Cyprus stood on the brink of bankruptcy last night after its parliamentarians voted down a bailout deal that would have taxed ordinary savers.
The decision sets up a showdown with its European creditors who are insisting the island contribute to its rescue package or risk going bust.
In order to qualify for €10 billion ($15.6 billion) promised by the International Monetary Fund (IMF), the European Central Bank (ECB) and eurozone finance ministers, Cyprus had to approve the plan.
President Nicos Anastasiades had warned a "no" vote could lead to financial chaos and an eventual exit from the single currency.
Officials say it is just a matter of weeks before the Government runs out of money, leaving it unable to cover civil servants' salaries or welfare payments.
Underlining the sense of panic, the British Government said it was sending a Royal Air Force plane loaded with €1 million to provide emergency loans to British troops, as banks on the island remained closed and cash machines ran out of money.
Just hours before Parliament met to debate the measures, Anastasiades had put forward new proposals in an effort to win over MPs.
The new plan would have seen anyone with less than €20,000 in the bank exempt from the tax. The move was a departure from the deal struck in Brussels at the weekend, which stipulated that all deposits would be charged. Those with between €20,000 and €100,000 would have lost 6.75 per cent of their savings, while those with over €100,000 would have faced a 9.9 per cent tax.
But even this amendment was not enough to convince politicians, 36 of whom voted against the measures, with the other 19 abstaining.
Cyprus needs as much as €17 billion to pull back from the brink after its bloated financial sector was hard hit by the crisis in Greece. The troika of the IMF, the ECB and the European Union have pledged €10 billion in assistance, but only if the Cypriots come up with €5.8 billion themselves. They have also threatened to withdraw ECB emergency funding from two stricken banks.
This funding is key to Cyprus' immediate future. If it disappears, the island's two largest banks will go bust, triggering a fresh crisis that could force Cyprus out of the euro.
Yesterday the ECB pledged to continue funding "within the rules", but given its earlier threats this was met with scepticism in financial circles.
The Cypriot Government is now faced with a tough choice - return to the troika and try to renegotiate the terms of the bailout, or attempt to find other sources of finance, possibly from Russia.
Zsolt Darvas, a research fellow at the Brussels-based Bruegel think tank, said it was unlikely to find sympathy at the ECB. "I think the eurogroup would be extremely tough," he said.

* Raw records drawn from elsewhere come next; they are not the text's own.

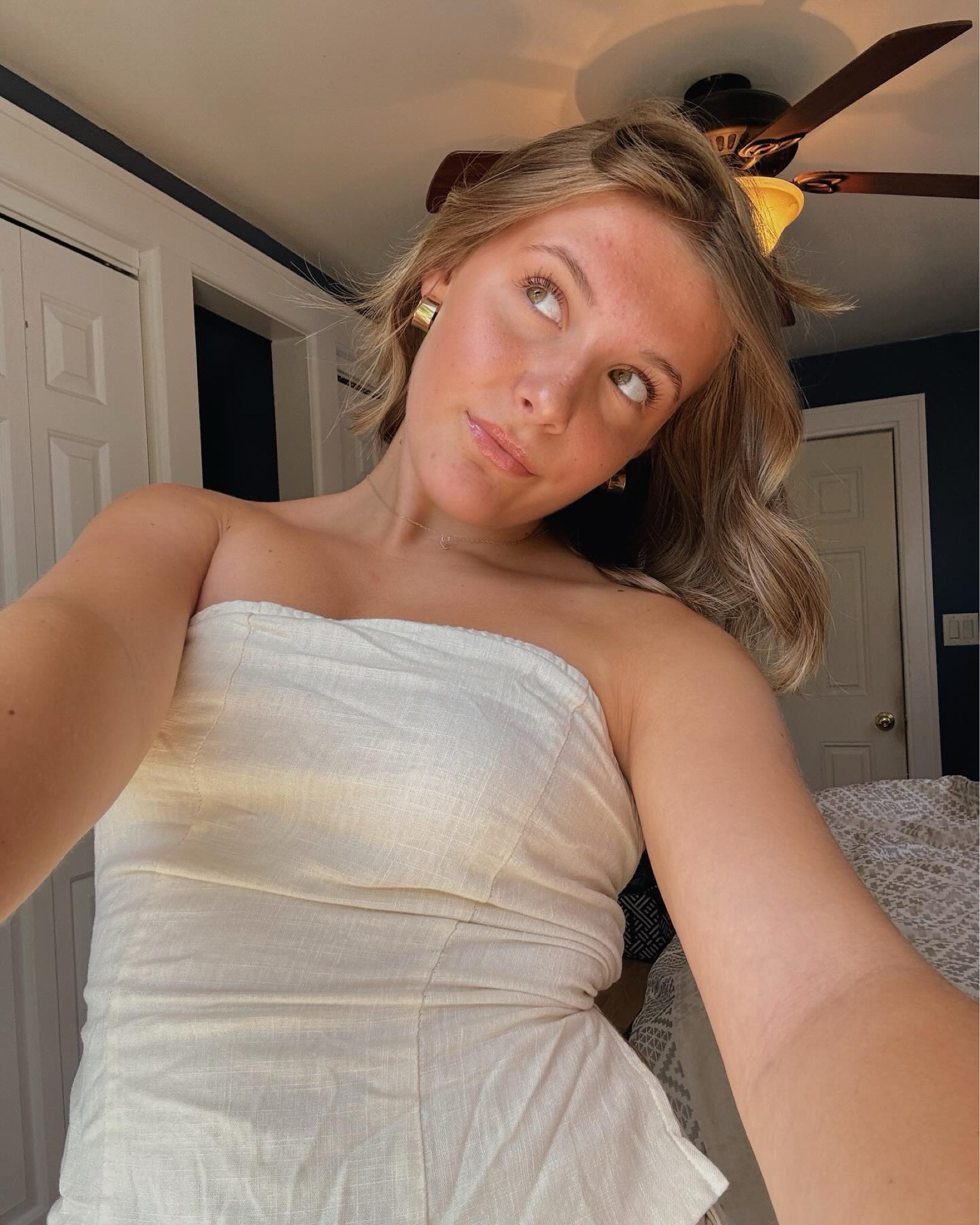 Oh hi

My new summer staple top. Easy, breezy, and comfortable.

#LTKStyleTip #LTKBeauty #LTKSummerSales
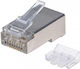 Щепсел RJ-45 мъжки 90бр (790680)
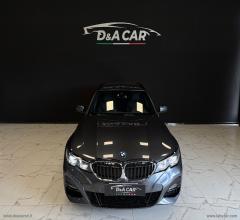 Auto - Bmw 318d 48v touring msport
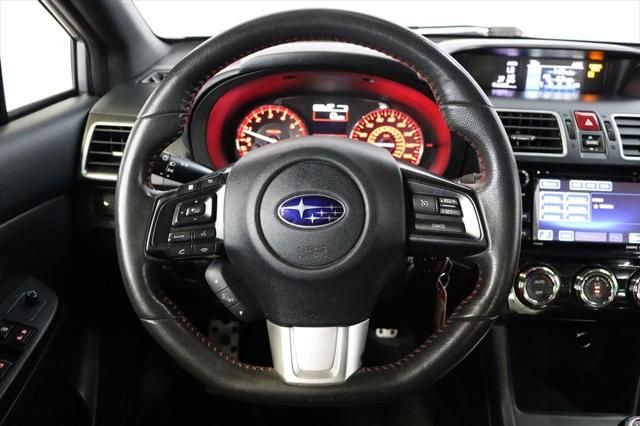 2016 Subaru WRX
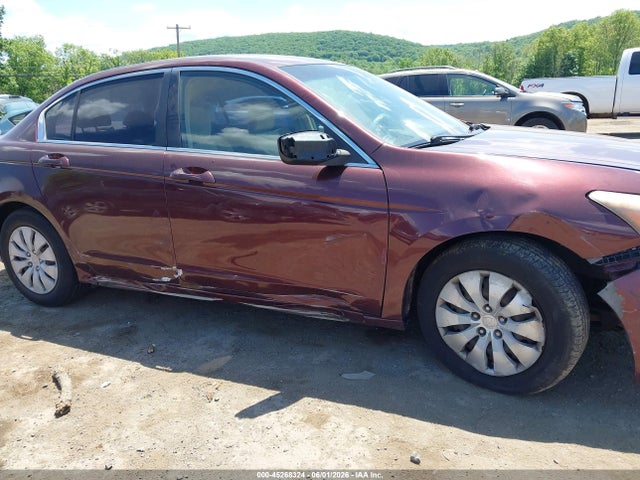 Honda Accord 2.4 Lx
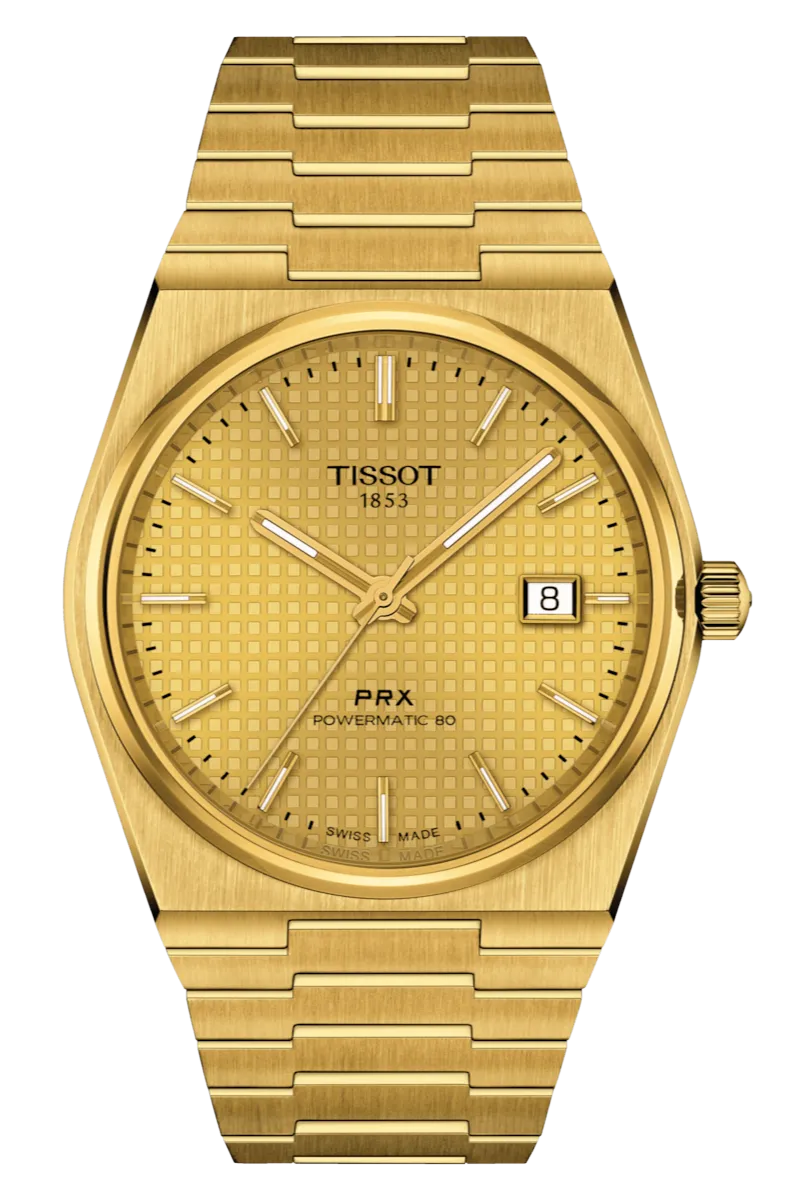 TISSOT - PRX Powermatic 80 | T137.407.33.021.00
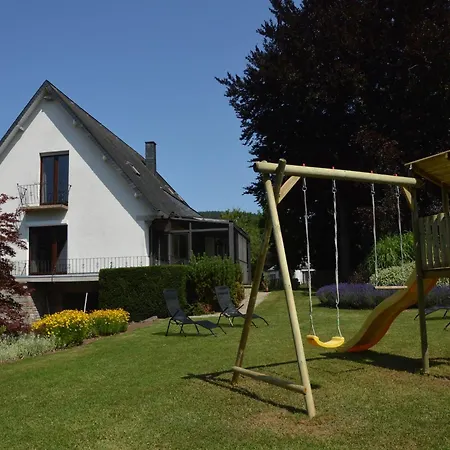 In Stavelot, Liege, Cleaning Included *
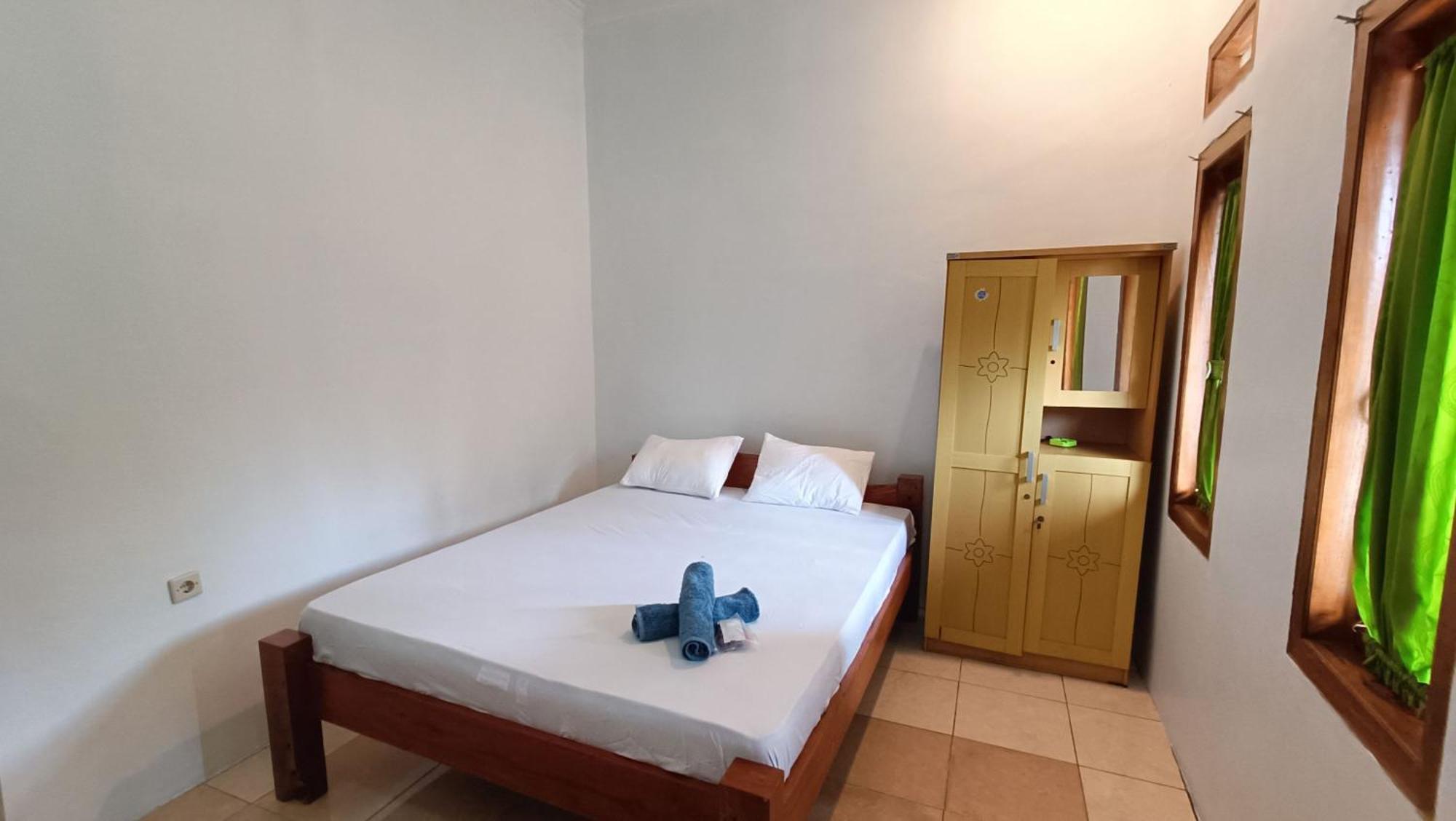 Jogo Segoro Homestay Mitra Reddoorz Near Pantai Sundak Gunungkidul Ngandong Exteriér fotografie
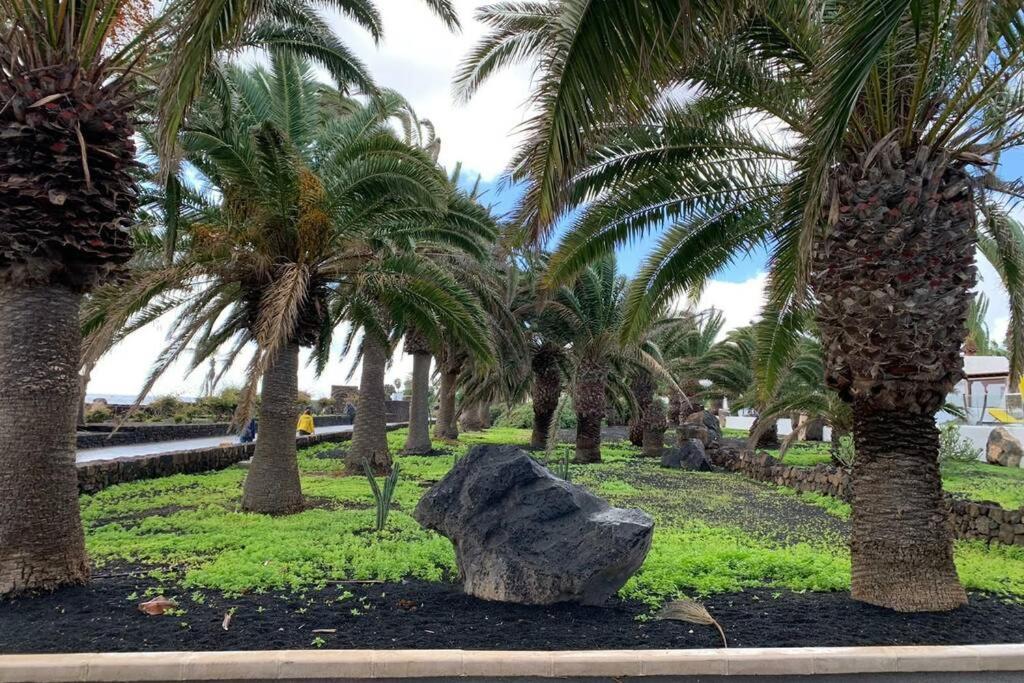 Apartamento Bastian Casas Verdes Costa Teguise Zewnętrze zdjęcie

The Cypriots' position is not helped by concern that when the banks reopen - which is due to happen today - money could flood out of the country.
EU officials claim Russia is unlikely to provide anything near the level of assistance Cyprus needs. Anastasiades has also been unwilling to consider a higher tax on deposits over €500,000, fearing a flight of large foreign investors.
The Cypriot Speaker, Yiannakis Omirou, said political leaders would meet Anastasiades today to discuss the next steps, but politicians stressed they wanted any tax on savings removed from the deal.
In a statement on Tuesday, eurozone finance ministers said they were willing to tweak the deal to lessen the burden on small savers, but that Cyprus' contribution had to remain at €5.8 billion. The new proposals put forward yesterday did not reach that figure.